Joint pain in Ulcerative Colitis - any experience?

[LaTristesse]

Hi all,
I've had UC for 18 years and it has mostly been mild and medically controlled. At best I haven't taken any tablets for months at a time and been fine, at worst I had a bout through University where I needed steroids.
Over the last few months I've been experiencing pain in pretty much all my joints, worse at night and first thing in the morning. Went to GP today who's exploring rheumatism, but also mentioned that joint pain can be experienced by UC sufferers.

As that's all new to me I was wondering if there was anyone here who may be able to share their experiences of joint pain with UC? In particular, how is it treated, can it get better and worse, are there any self help / alternative therapies worth exploring?
Thanks in advance...

No experience myself but wondered if you could find any info on the Chrohn's and Colitis UK website

Thanks for the link; I'll have a read...

I had joint pain with UC which was controlled in exactly the same way as the UC, just as another symptom. I have since had the surgery for UC and have developed Rheumatoid arthritis but it presents slightly differently and yours sounds more like the UC version. The rheumatologist has suggested that the fact that my UC was so out of control before the surgery is a strong risk factor to developing RA later, so the only advice I can give is not to let that happen - make sure the UC is as under control as you can get it.

The joint pain will tend to flair with your UC, even if you don't have UC symptoms. It is much easier to notice mild joint pain than mild inflammation in the colon. I also found that cutting out the GP and telling the GI team about the joint pain was the best way to get the two specialities to work together (though the computer records have made this less of an issue).
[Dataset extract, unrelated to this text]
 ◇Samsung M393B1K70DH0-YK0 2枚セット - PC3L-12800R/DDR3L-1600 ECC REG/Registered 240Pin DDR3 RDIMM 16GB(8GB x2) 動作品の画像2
Do not try any alternative therapies in place of real treatment, but taking acidophicus bacteria has been found (only in IBD patients like us) to help. Some people suggest a low acid diet, which wouldn't do any harm. I think improving physical fitness is important as it reduces the strain on the joints. The IBD nurses are amazing and could really help if you need more specific advice and support.
Neither outcome is as bad as it first sounds, it is normal to feel upset when you are ill and given a permanent diagnosis but it really is the first step to feeling better. Good luck!

Thanks for sharing Runner... I have an appt with my specialist next month, so will run it all by him.

I tried the acidophilus and it seemed to mame everything so much worse, if you know what I mean! Does it tend to do that before it gets better, do you know?